Abstract
Understanding visual attention is key to designing efficient human-computer interaction, especially for virtual reality (VR) and augmented reality (AR) applications. However, the relationship between 3D spatial attributes of visual stimuli and visual attention is still underexplored. Thus, we design an experiment to collect a gaze dataset in VR, and use it to quantitatively model the probability of first attention between two stimuli. First, we construct the dataset by presenting subjects with a synthetic VR scene containing varying spatial configurations of two spheres. Second, we formulate their selective attention based on a probability model that takes as input two view-specific stimuli attributes: their eccentricities in the field of view and their sizes as visual angles. Third, we train two models using our gaze dataset to predict the probability distribution of a user’s preferences of visual stimuli within the scene.
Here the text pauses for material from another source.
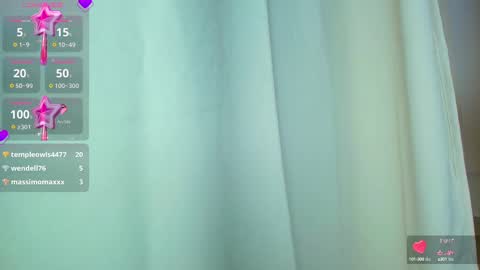 Snapshot of sweetandreagil chatting on March 2025 01:26:02 AM Andrea Cheryl GiLandreagil80 In Instagram online show from March 2025 01:26:02 AM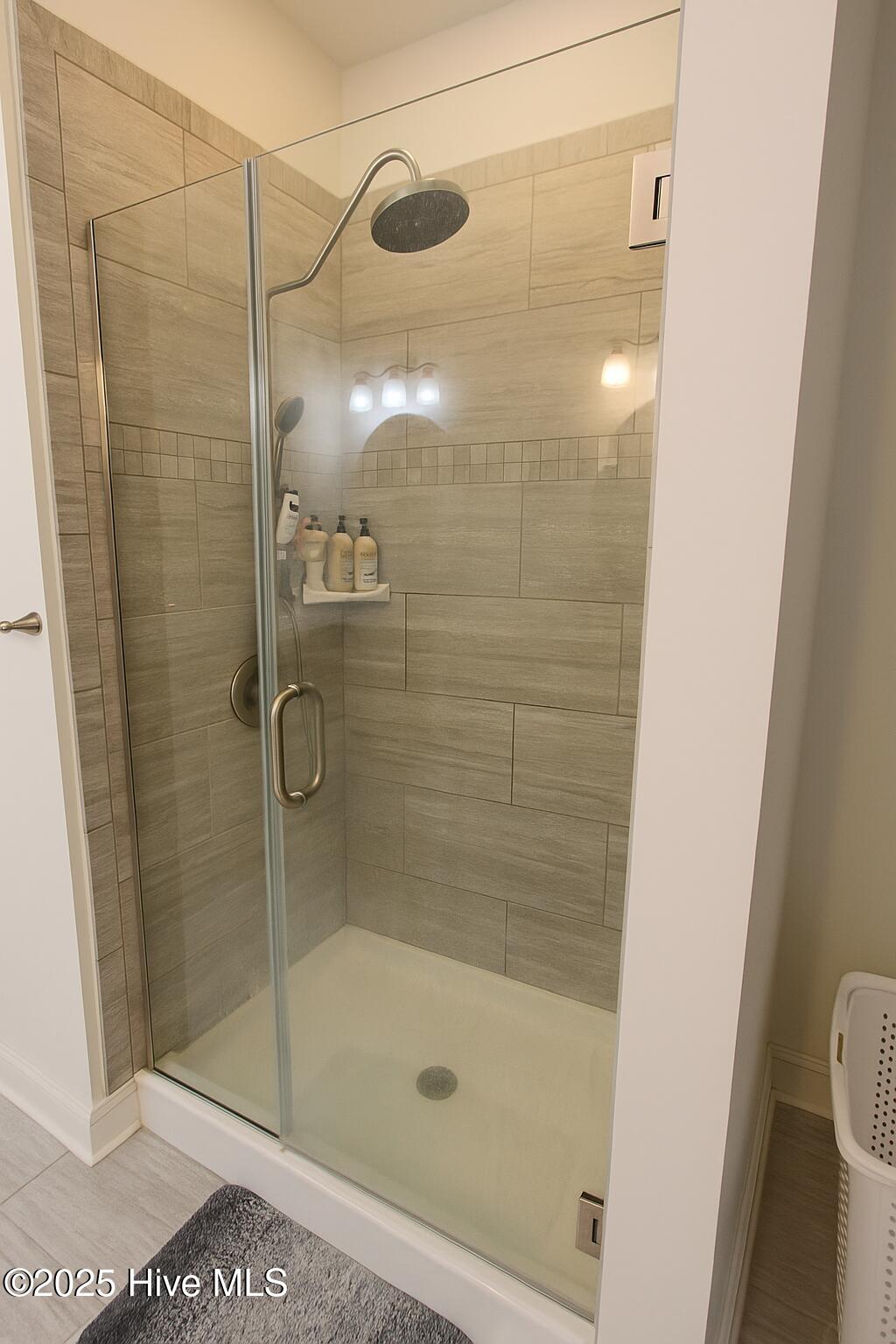 100539701 | Photo 24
We evaluate our method by comparing model performance across two challenging synthetic scenes in VR. Our application case study demonstrates that VR designers can utilize our models for attention prediction in two-foreground-object scenarios, which are common when designing 3D content for storytelling or scene guidance. We make the dataset and the source code to visualize it available alongside this work.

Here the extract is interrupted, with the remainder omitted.